Karnataka bank capitalization profile remains adequate with a CET I/Tier I capital ratio of 17.45% as on Q4FY23 compared to the regulatory requirement of 9.5%. Internal capital generation was higher on the back of strong recoveries/upgrades, resulting in lower credit costs. Moreover, the ability to sustain the improvement in the asset quality and profitability levels will be key for generating higher growth capital, although the bank may still consider raising capital in the medium to long term to sustain stronger growth while maintaining the required capital cushions over the regulatory levels.

Geographic expansion in place to transform the bank into a national player

The management is improving and centralizing processes to build capacities on the operational and technological side as well as to deploy sales teams outside the branches both on the asset and liability front. Moreover, it has set up a digital and analytical factory in Bengaluru which would aid the bank in cross-selling and upselling products among its existing 1.3 Cr customer base. Furthermore, with third-party collaboration, the bank will also offer personal loans, insurance, and broking products.

Management eyes healthy growth in Advances and deposits

The management is confident of taking advances to Rs 73,000 – 75,000 Cr by the end of FY24. Furthermore, it is eyeing to double the advances in 3 to 3.5 years to 1 Lakh Cr by growing advances at 17%-18%. Growth in advances would be assisted by healthy deposit growth of 10-12% YoY. In the retail loan book, the bank is growing strongly on gold loans and home loans. However, with enough headroom available, the management is focused on growing MSME and mid-size corporate through digital, collaboration, and direct channels.

Q1FY24 Financial Performance

Karnataka bank delivery healthy earnings for the quarter ended Q1FY24. Net Interest Income (NII) saw a growth of 18.5% to Rs.815 cr YoY as against Rs.688 cr registered in the same quarter of corresponding fiscal. The bank’s advances grew by 5.4% YoY to Rs 61,489 Cr. NIM expanded by 35bps YoY to 3.7%, aiding the bank to grow its NII by 18.5% YoY to Rs 815 Cr.

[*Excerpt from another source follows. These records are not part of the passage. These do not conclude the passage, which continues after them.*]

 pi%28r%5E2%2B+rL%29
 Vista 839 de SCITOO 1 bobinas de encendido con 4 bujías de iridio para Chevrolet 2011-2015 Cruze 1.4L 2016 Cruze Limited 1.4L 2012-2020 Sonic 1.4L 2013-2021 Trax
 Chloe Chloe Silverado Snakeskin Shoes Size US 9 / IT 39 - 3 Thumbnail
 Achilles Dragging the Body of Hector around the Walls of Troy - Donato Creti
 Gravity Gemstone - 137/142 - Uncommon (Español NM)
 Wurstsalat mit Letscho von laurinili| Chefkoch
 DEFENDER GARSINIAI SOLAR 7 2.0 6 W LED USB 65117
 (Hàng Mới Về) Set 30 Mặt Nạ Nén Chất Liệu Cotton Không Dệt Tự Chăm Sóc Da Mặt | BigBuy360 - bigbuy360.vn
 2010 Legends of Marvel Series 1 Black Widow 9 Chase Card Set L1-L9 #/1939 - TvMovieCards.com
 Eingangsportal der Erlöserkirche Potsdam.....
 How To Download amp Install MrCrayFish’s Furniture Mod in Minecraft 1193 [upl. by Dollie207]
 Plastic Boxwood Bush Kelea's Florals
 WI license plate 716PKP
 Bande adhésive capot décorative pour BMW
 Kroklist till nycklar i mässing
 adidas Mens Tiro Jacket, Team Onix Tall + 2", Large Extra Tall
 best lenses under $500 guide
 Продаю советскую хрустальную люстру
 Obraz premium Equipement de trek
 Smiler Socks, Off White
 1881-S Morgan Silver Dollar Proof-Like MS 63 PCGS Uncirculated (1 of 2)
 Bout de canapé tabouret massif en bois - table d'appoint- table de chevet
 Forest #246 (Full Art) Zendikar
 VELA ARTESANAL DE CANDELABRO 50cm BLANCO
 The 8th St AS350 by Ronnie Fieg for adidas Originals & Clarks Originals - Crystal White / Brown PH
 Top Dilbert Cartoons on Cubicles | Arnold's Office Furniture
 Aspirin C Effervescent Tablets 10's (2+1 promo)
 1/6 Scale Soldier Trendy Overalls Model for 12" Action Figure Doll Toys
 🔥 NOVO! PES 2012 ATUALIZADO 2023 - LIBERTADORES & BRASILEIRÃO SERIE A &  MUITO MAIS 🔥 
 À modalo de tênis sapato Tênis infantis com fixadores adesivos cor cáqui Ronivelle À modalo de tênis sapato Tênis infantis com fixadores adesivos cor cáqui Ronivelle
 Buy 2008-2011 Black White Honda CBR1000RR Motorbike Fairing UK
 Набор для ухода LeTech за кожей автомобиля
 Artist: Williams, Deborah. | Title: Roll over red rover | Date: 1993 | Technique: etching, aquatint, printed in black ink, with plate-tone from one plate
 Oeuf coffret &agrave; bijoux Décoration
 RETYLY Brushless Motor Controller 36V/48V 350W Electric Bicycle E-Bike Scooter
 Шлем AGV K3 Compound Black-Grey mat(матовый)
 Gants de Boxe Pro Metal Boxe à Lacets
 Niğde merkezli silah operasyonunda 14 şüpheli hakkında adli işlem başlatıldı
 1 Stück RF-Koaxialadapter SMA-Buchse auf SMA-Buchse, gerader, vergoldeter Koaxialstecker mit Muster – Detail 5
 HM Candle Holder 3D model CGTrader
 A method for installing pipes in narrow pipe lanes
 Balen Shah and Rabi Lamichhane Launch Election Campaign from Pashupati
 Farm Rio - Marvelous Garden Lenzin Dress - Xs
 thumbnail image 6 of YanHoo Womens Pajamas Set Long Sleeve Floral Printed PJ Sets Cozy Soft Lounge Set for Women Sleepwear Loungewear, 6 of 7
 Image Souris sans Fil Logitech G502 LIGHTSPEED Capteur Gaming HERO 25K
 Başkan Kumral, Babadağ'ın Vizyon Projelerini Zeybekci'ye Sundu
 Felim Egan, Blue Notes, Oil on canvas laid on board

Non-interest income reported robust growth of 144% YoY. With the focus on building capacity on operational as well as on the technology side, Opex inched up 32% YoY. However, it declined by 6% QoQ. The C/I ratio was reported at 47.2% (Up 180bps QoQ and down by 250bps YoY). PPOP reported healthy growth of 46% YoY. Expanding margins, strong operating performance and under-control provisions have enabled the bank to report the highest-ever quarterly profit of Rs 371 Cr (Up 225/5% YoY/QoQ).

On the asset quality front, GNPA declined to 3.68 percent as compared with 4.03 percent last year. NNPAs of the bank fell to 1.43 percent compared with 2.16 percent last year. The total deposits of the bank jumped by 8 percent to Rs 86,960 crore from Rs 80,577 crore last year. The current account and savings account (CASA) of the bank dipped from 32.8 percent to 32.2 percent.

Key Risks & Concerns

  • As the bank turns more relentless in its retail foray, it is likely to face intense competition.
  • More-than-expected slippages could pose challenges to the financial performance of the company.

Outlook & Valuation

The bank is focused on adding 50 more branches in F24. Digital initiatives are expected to improve market share in retail portfolio. We believe KBL will maintain its ROA.  With a strong track record, robust granular deposit base, healthy capitalization level, improving financial performance, stable asset quality, and reduced credit cost we believe that Karnataka bank is well positioned to deliver steady growth in the coming quarters.

At CMP of Rs.240, the stock is trading at P/BV of 0.76x FY25E (BV –Rs.315) which appears lucrative and hence, we recommend BUY on the stock.